Jaroslavas Jakšto

Personal information
- Full name: Jaroslavas Jakšto
- Nationality: Lithuania
- Born: August 7, 1980 (age 45) Vilnius
- Height: 1.94 m (6 ft 4 in)
- Weight: 101 kg (223 lb)

Sport
- Sport: Boxing
- Weight class: Super-Heavyweight
- Club: VOSC, Vilnius

Medal record
European Amateur Championships
| Bronze medal – third place | 2004 Pula | Super Heavyweight |

= Jaroslavas Jakšto =

Lithuanian boxer (born 1980)

Jaroslavas Jakšto (born 7 August 1980) is a male amateur boxer from Lithuania best known for winning super heavyweight bronze at the 2004 European Amateur Boxing Championships in Pula, Croatia. He was a 2004 Olympian and also qualified for the 2008 Olympics.

==Career==
Jakšto won a bronze medal in the same division at the 2004 European Amateur Boxing Championships in Pula, Croatia.
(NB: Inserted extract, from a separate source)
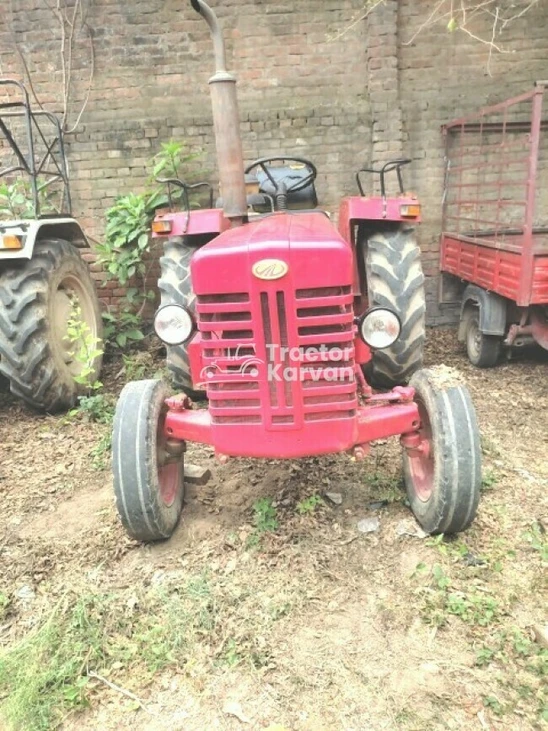 Mahindra 265 DI Second Hand Tractor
He also participated in the 2004 Summer Olympics. He beat there Victor Bisbal 27-16 but was defeated in the second round of the Super heavyweight (+91 kg) division by Egypt's eventual runner-up Mohamed Aly.
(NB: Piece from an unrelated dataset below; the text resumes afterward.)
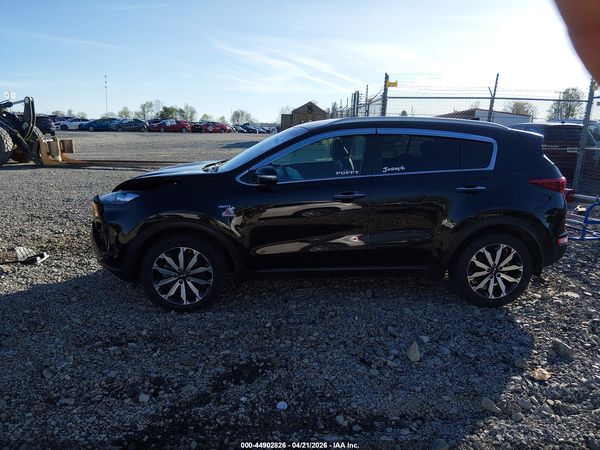 2019 KIA SPORTAGE EX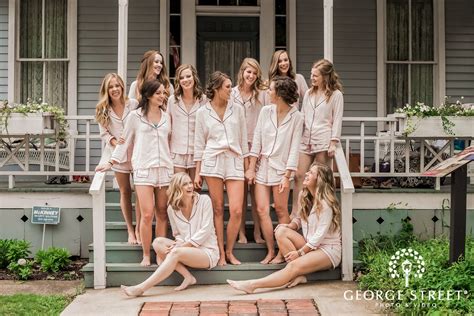 Blog Unconventional Bridesmaids Getting Ready Outfits Bridesmaid Get Ready Outfit Bridesmaids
He won the Chemiepokal Cup in Germany 2005 by beating Michel López Núñez 17:12 and the Military world championships in 2006.

At the World Championships 2007 he lost to Vyacheslav Glazkov inside the distance.

At the first Olympic qualifier he lost to Kubrat Pulev, at the second qualifier he beat Robert Helenius and Yousef Abdelghani to qualify.
In Beijing he lost to David Price when he had to quit with a leg injury after the first round, he was trailing 1:3.